昨今の“お宝ブーム”にみられるように、ガラクタにしかみえない中古のブリキ玩具に対して何十万円という高値が付くことも珍しくない。アンティーク玩具の相場に精通している人ならば、余裕資金を定期預金にするよりも、玩具のコレクションに回した方が投資効率が良いという考え方もできる。しかも趣味として楽しめるアイテムが資産となるのだから、まさに「趣味と実益を兼ねた遊び方」ということになる。
資産家や富裕層の中では、骨董品や絵画のコレクションに凝るという人も少なくないが、もともと金銭感覚にはシビアで蓄財ノウハウには長けた彼らには、趣味のコレクションへ投資することにもそれなりの思惑がある。家電製品や自動車など、普通の消費財(量産品)は買った瞬間からその価値が下がるもので、購入して即座に売っても7割程度にしかならない。ましてや所有している期間が長くなればなるほど、その価値はゼロに近づいていく。そのため、一般家庭が所有するすべての家財道具(自動車、家電製品、家具など)の資産価値というのは、合計で 150万円程度にしかならない。新型のクルマや大型の薄型テレビにいくら金をつぎ込んだところで資産にはならないのだ。
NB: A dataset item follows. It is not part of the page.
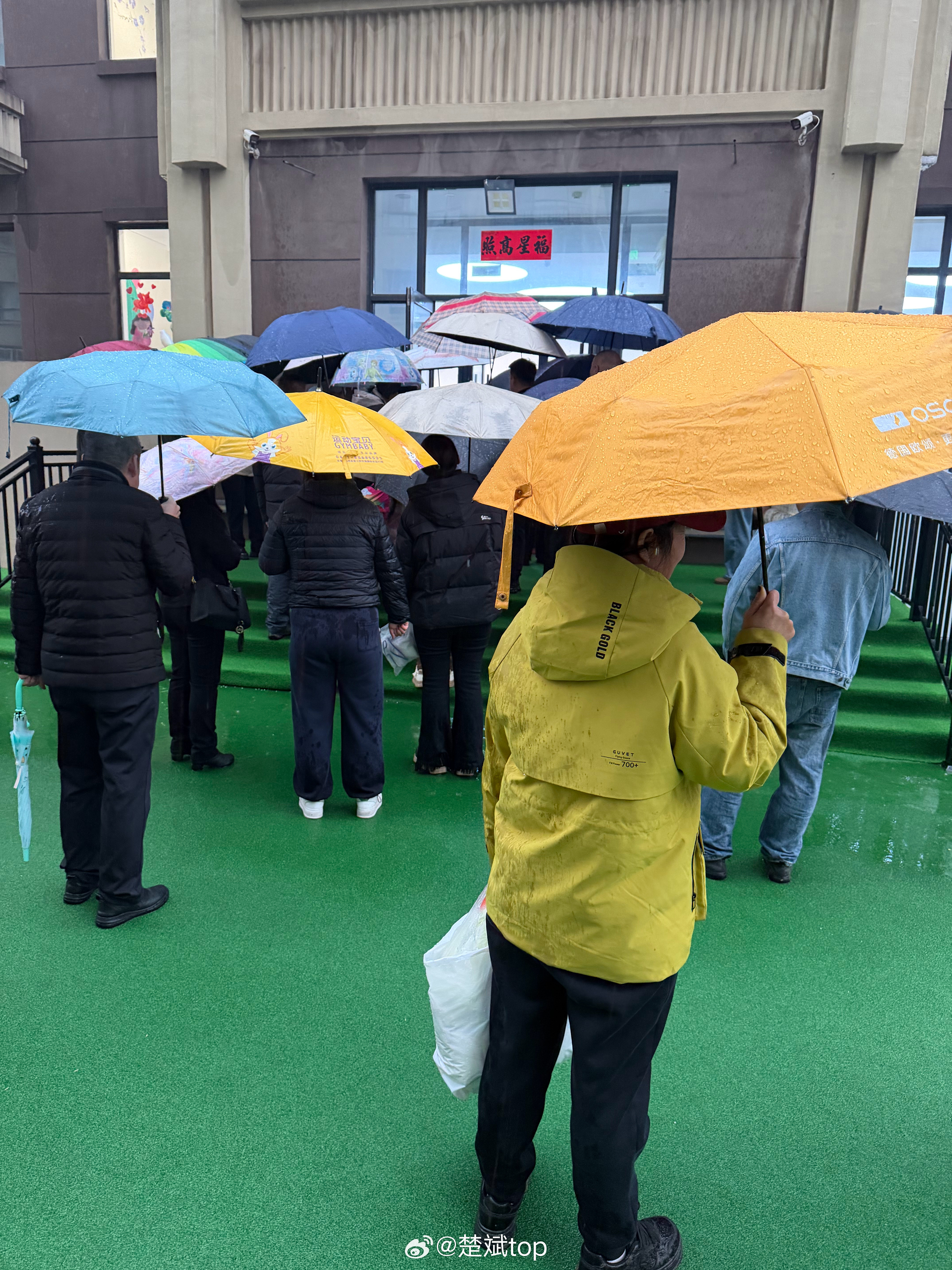 大雨天，接儿子放学！难得不出差，此时此刻就是幸福。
しかし趣味の品物には、古くなっても価値が落ちないばかりか、逆に高く売れるものもある。たとえば、フェンダーやギブソンなど有名ブランドの中古エレキギターをネットオークションで10万円で購入し、一年間自分が弾いて再度オークションに出品しても購入時と同額の10万円で売却することができる。それがもっと古い年式(1960年代)になると百万円以上、中には1千万円以上で取引されている機種もある。そうなると、これはもう“趣味の道具”という域を超えた“資産”と呼ぶにふさわしい。
もちろんすべての趣味人が自分のコレクションで資産形成をできているわけではないが、業者が巧みに仕掛けているお宝ブームに踊らされることなく、コレクター市場の相場を自分で先読みすることができれば、趣味を楽しみながらの資産形成も夢物語ではない。そして最近では、企業の事業としてもコレクション投資が注目されている。その動向と背景について迫ってみたい。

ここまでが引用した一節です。